Derivative of Relu in output layer

saifkhanengr · November 24, 2022, 4:04am

I just removed the ReLU from the output layer and used leaky_relu. But I got the same result, I guess, it is because I did not define the leaky_relu_backward and instead, use relu_backward.
I copied the Relu Backward’s code below but what will be the leaky_relu_backward? Derivative of A = np.maximum(0.01*Z,Z)?
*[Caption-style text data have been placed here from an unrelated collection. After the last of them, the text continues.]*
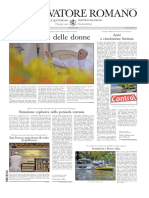 Quotidiano 078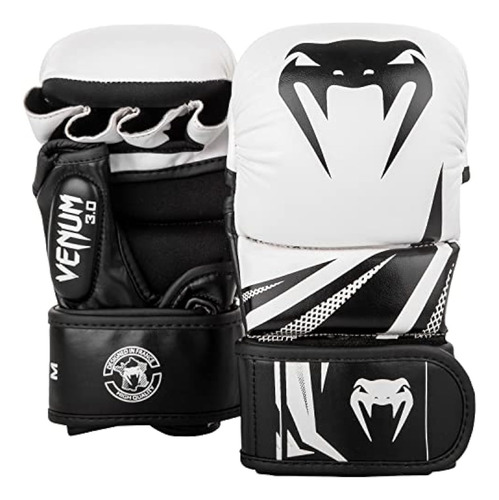 Venum Guantes De Combate Challenger 3.0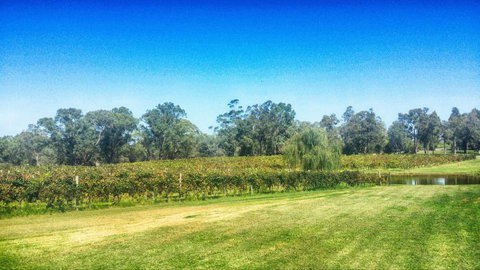 Perth-Tours WA - Accommodation Search 27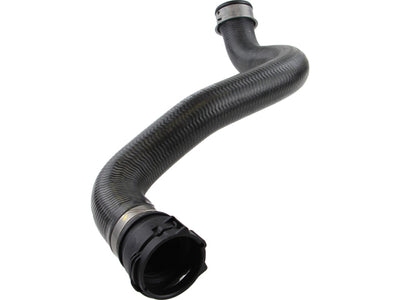 Mercedes-Benz Radiator Hose | 2012-2019 1665000075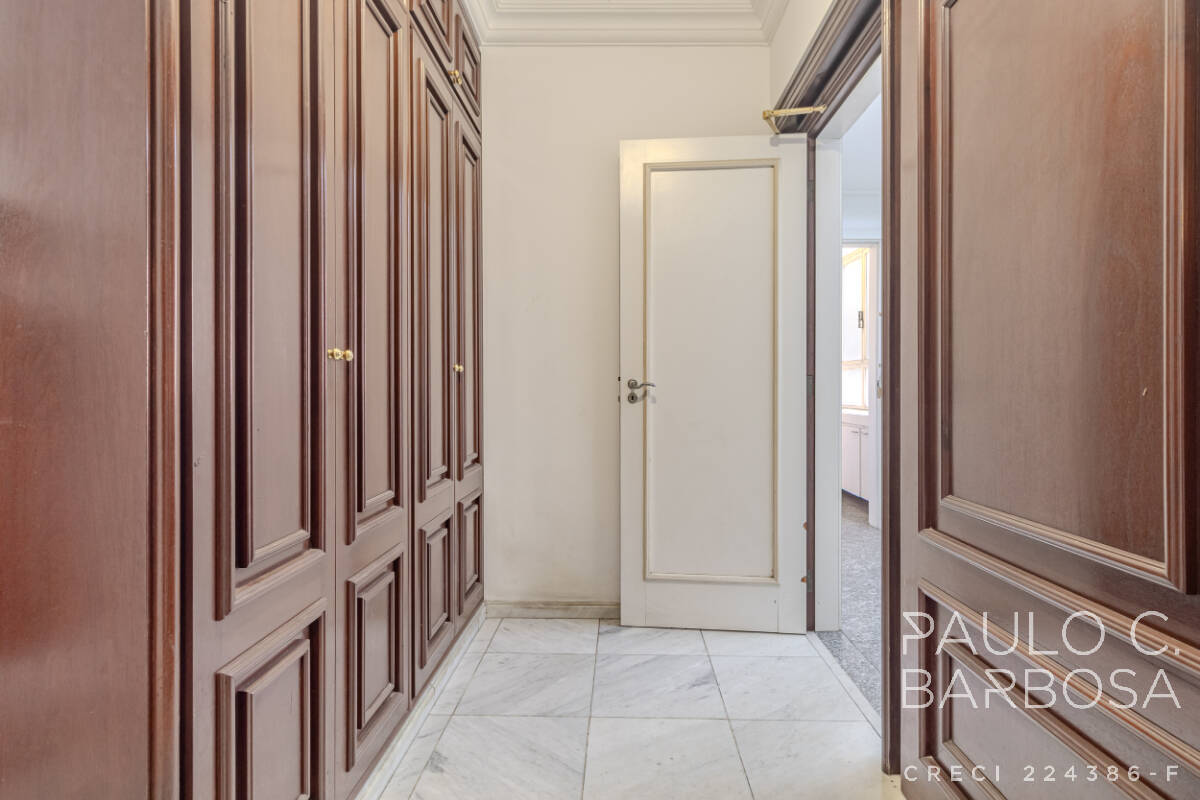 Apartamento, 2 quartos, 229 m² - Foto 18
  def relu_backward(dA, cache):
      Z = cache
      dZ = np.array(dA, copy=True) # just converting dz to a correct object.
      dZ[Z <= 0] = 0
        
      assert (dZ.shape == Z.shape)
        
      return dZ

Do you mean remove the relu and just use linear function, like below?
Z^l = A^l = np.dot(W,A^{l-1}) + b^l)

I sent it to you, Raymond.

In the last, I would like to thank all of you for your unbounded and limitless time and guidance. Highly indebted to you.
Saif.

rmwkwok · November 24, 2022, 5:00am

Thank you @saifkhanengr.

rmwkwok · November 24, 2022, 5:09am

I spot something quickly. Lucky me

I added these print lines

def linear_forward(A, W, b):
    ..... # your code
    print('linear_forward A', A.shape)
    print('linear_forward W', W.shape)
    print('linear_forward b', b.shape)
    print('linear_forward Z', Z.shape)
    return Z, cache

and found these:

linear_forward A (20, 1)
linear_forward W (7, 20)
linear_forward b (7, 1)
linear_forward Z (7, 1)

The thing is, the shape of your W should be (number of features, number of neurons) which means (1, 7), although my preference is (number of neurons, number of features).
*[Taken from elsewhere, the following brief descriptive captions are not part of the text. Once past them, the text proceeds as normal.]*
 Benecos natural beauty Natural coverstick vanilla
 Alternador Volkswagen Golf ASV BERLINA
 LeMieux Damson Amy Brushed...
I will hold on reading your notebook, because it seems you have something to change and check. Checking shapes can be an interesting exercise

Cheers,
Raymond

rmwkwok · November 24, 2022, 5:14am

Btw, (number of neurons, number of features) is meant for the first dense layer. The second dense layer should have (number of neurons in this layer, number of neurons in the last layer)

saifkhanengr · November 24, 2022, 5:32am

Yes, my W’s and b’s are (number of neurons, number of features) and (number of neurons, 1) respectively.

BTW, waiting for you to read the whole notebook.

rmwkwok · November 24, 2022, 5:53am

The shape of your W in the first dense layer is linear_forward W (7, 20). 20 is the number of samples. Did I misunderstand anything? Or would you like to check all the shapes in your notebook?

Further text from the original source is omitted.